* STORED DATA
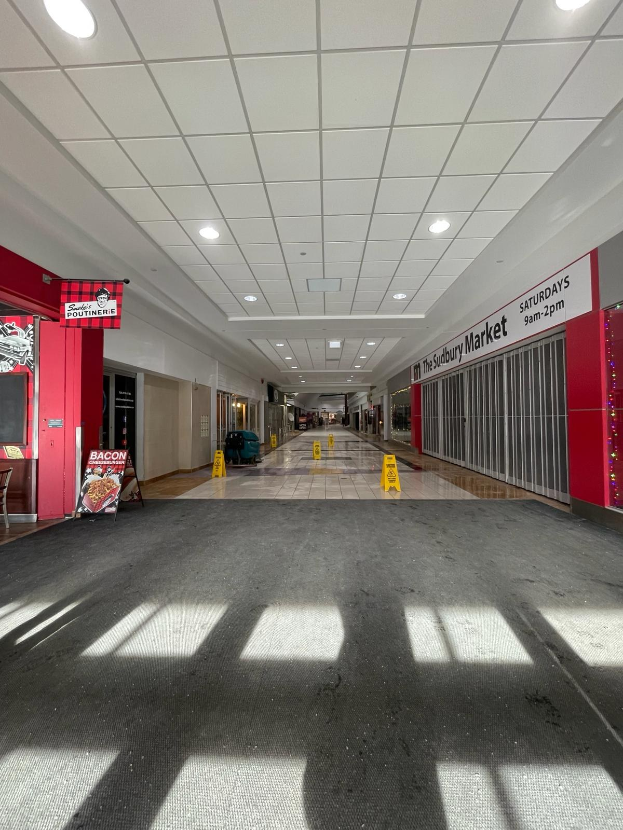 Innenansicht eines Einkaufszentrums mit Deckenbeleuchtung, einem Stuhl und einer Tafel, auf der "Sydbury Market - Vorher und Nachher" steht, links, und verstreuten Gegenständen rechts und auf dem Boden.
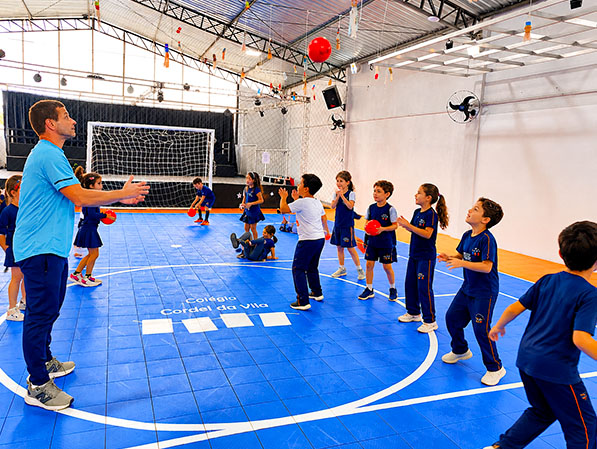 Alunos praticam atividade com bola na quadra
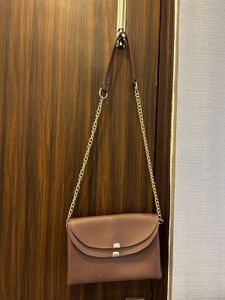 Chic Mauve Crossbody Bag with Gold Chain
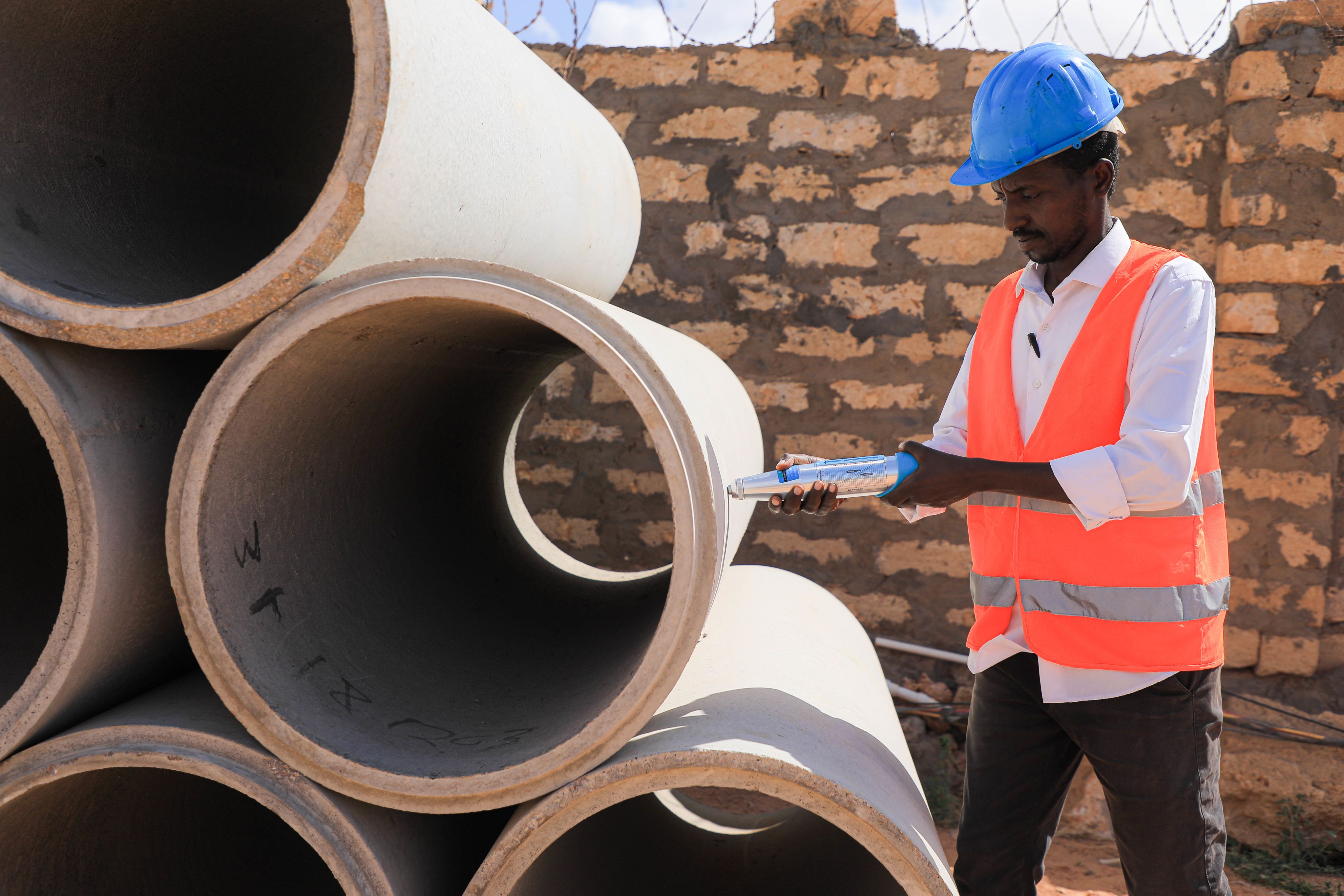  A worker in a blue hard hat and orange high-visibility vest is holding a clipboard, standing beside large concrete pipes with a brick wall in the background.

* EXERCISE GOAL
Leaving the pictures aside, copy exactly and only the lines from the one holding "Alunos praticam atividade com bola na quadra" through the final line of the data, both ends kept.

* YOUR RESPONSE
 Alunos praticam atividade com bola na quadra
 Chic Mauve Crossbody Bag with Gold Chain
  A worker in a blue hard hat and orange high-visibility vest is holding a clipboard, standing beside large concrete pipes with a brick wall in the background.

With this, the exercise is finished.